Senada, Direktur Eksekutif IMA Hendra Sinadia mengatakan, pemerintah perlu menunda pengesahan peraturan pemerintah (PP) tentang kenaikan tarif royalti pertambangan minerba. Pihaknya meminta pemerintah kembali berdiskusi dengan berbagai stakeholder terdampak. 

"Tentu, ditundanya rencana finalisasi peraturan pemerintahnya.
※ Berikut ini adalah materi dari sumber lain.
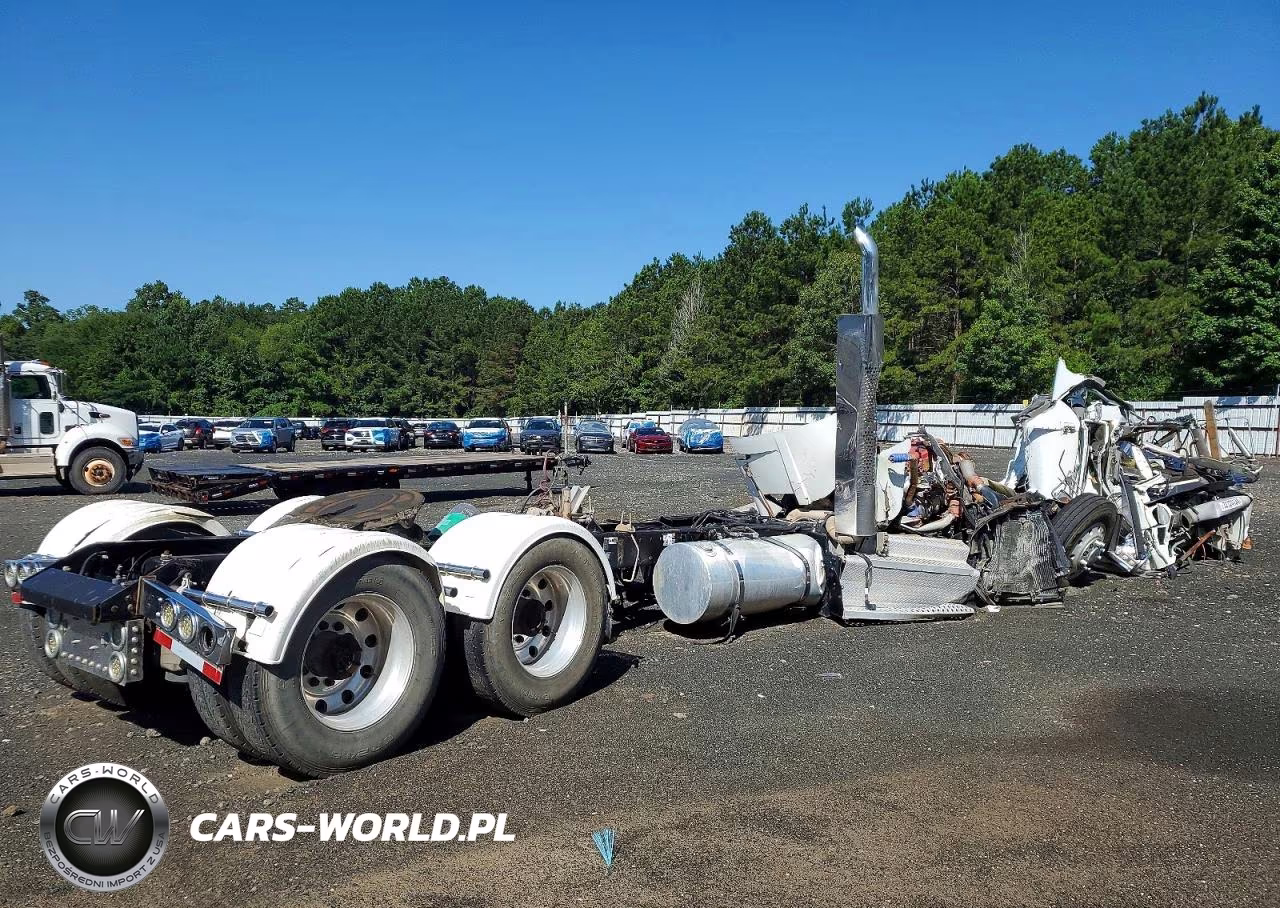 2013 Kenworth Construction W900 VIN:1XKWD49X7DJ369447 - 4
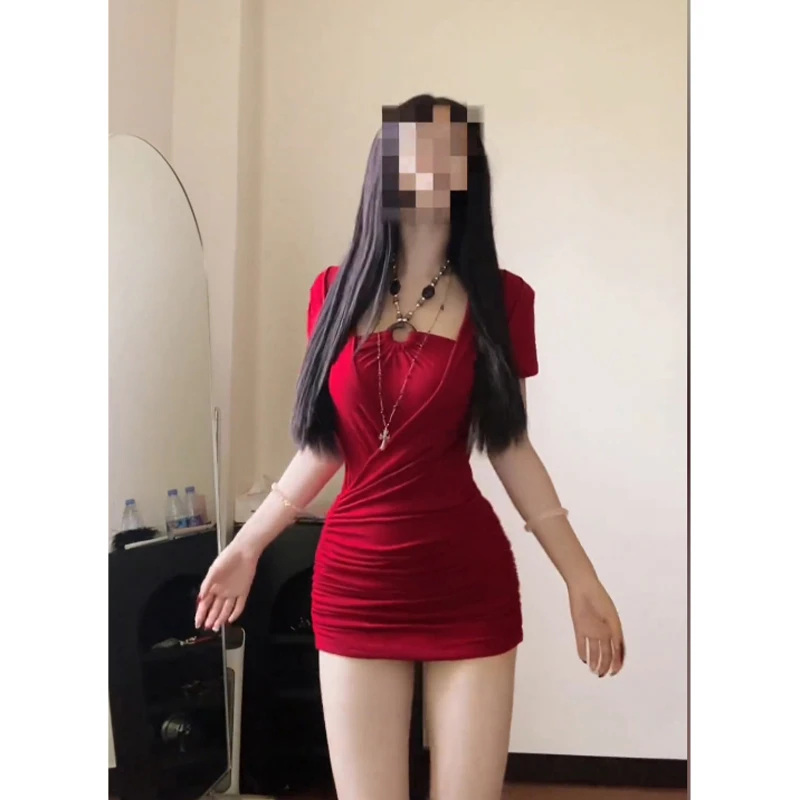 【巴曼周末】假两件正肩挂脖收腰褶皱显瘦包臀连衣裙女夏辣妹裙子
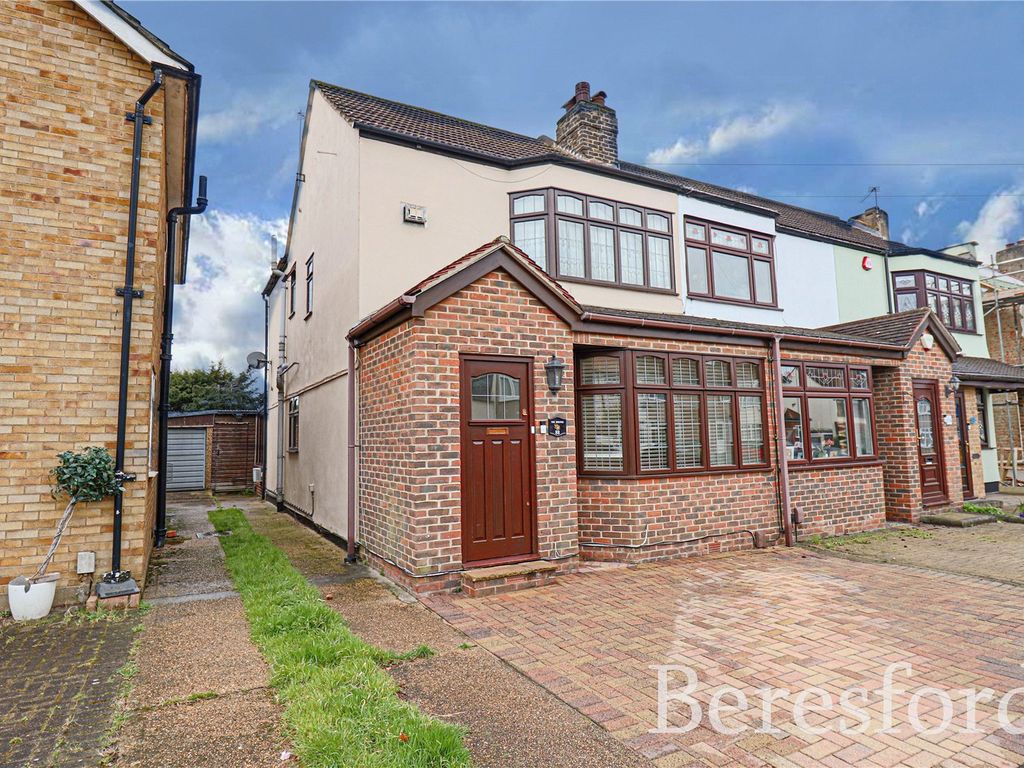 3 bed end terrace house for sale in Norman Road, Hornchurch RM11 Zoopla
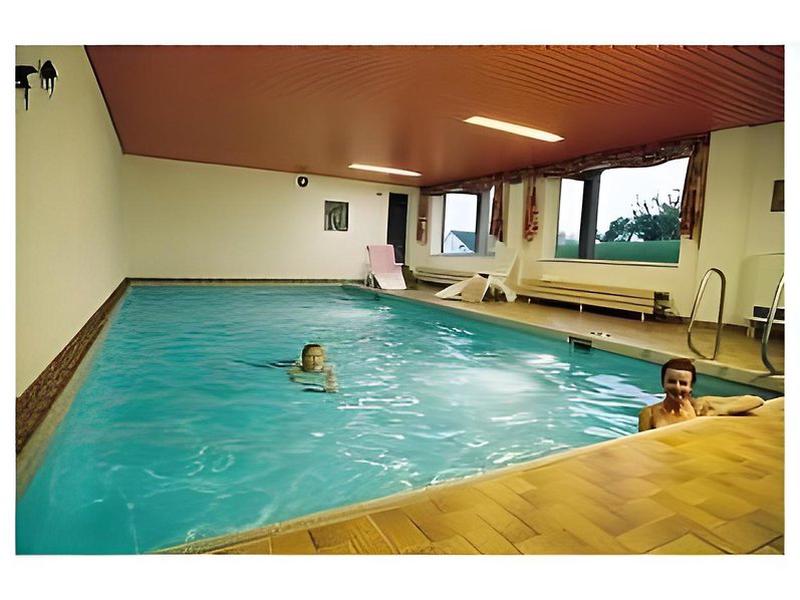 4B31E6819D6095D118F4F4B2F14E32AE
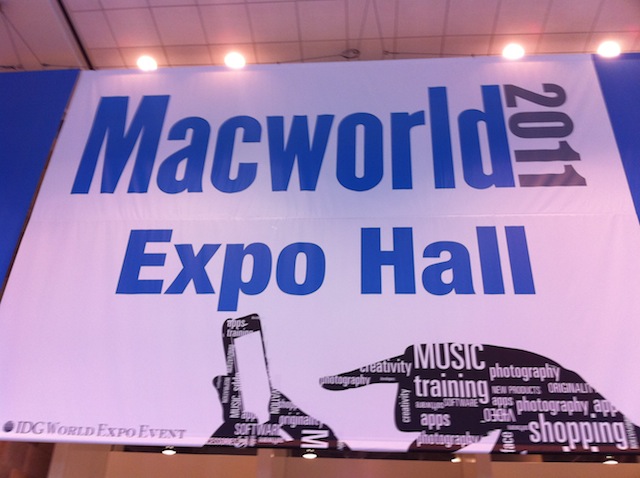 9777f_macworld_2011_expo_hall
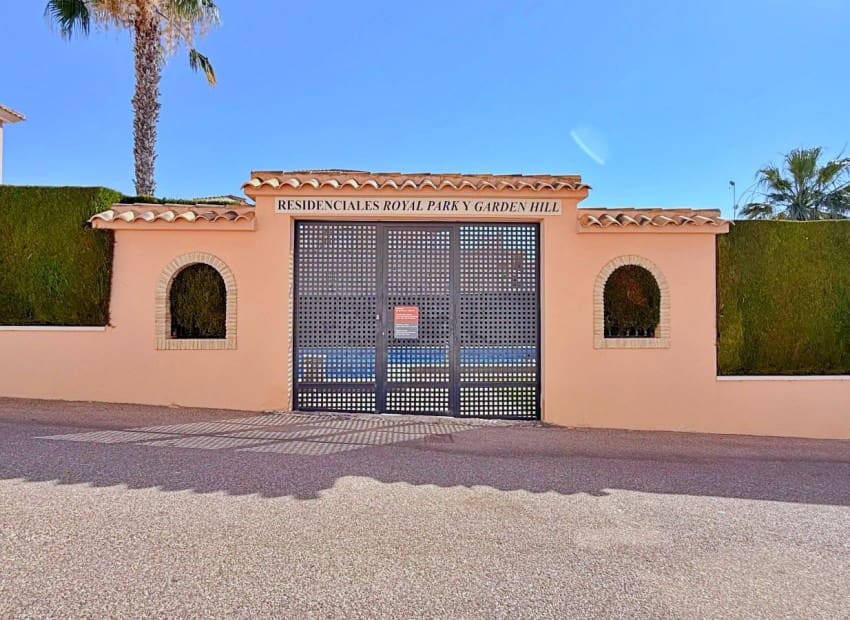 Chalet de 4 habitaciones en Orihuela Costa en venta con piscina garaje - 379.000 € (Ref: 9993562)
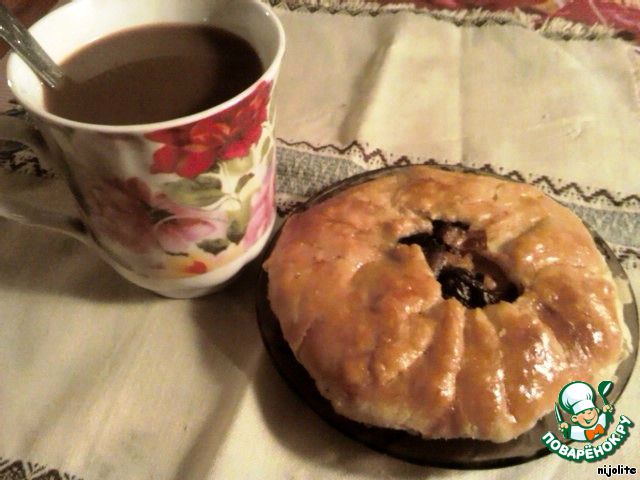 Puff pies with fish, mushrooms and rice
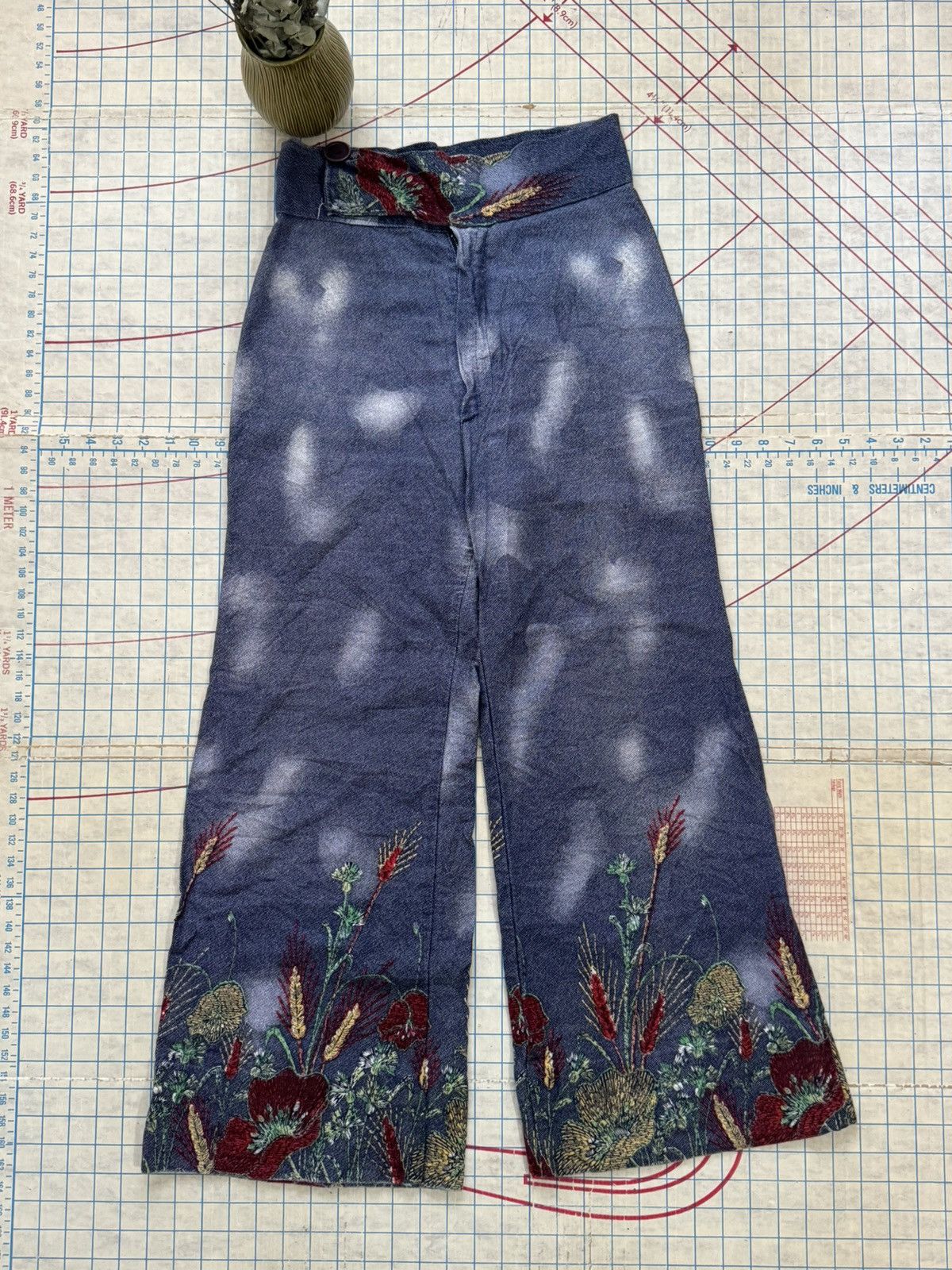 Vintage Vintage Crazy Bell Bottom Embroidered Pants 70’s Flare Size US 32 / EU 48 - 1 Thumbnail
Kami meminta waktu untuk bisa membahas lagi sama pemerintah supaya lebih komprehensif," kata Hendra kepada wartawan. 

Menurut dia, terdapat beberapa hal yang harus dikaji ulang, yakni terkait dengan besaran tarif royalti minerba yang dinilai sudah tidak lagi kompetitif, bahkan lebih tinggi dibandingkan negara lain. 

"Kita sudah tinggi sekali [royalti] untuk beberapa komoditas dibandingkan negara-negara lain, sementara kita tadi ngomong kompetisi juga, kita bukan penguasa tunggal nih," tuturnya. 

Lebih lanjut, pemerintah juga perlu melihat berbagai kewajiban yang telah dibebankan kepada industri selama ini, sementara industri pertambangan terus memberikan penerimaan negara yang besar dalam 2 tahun terakhir. 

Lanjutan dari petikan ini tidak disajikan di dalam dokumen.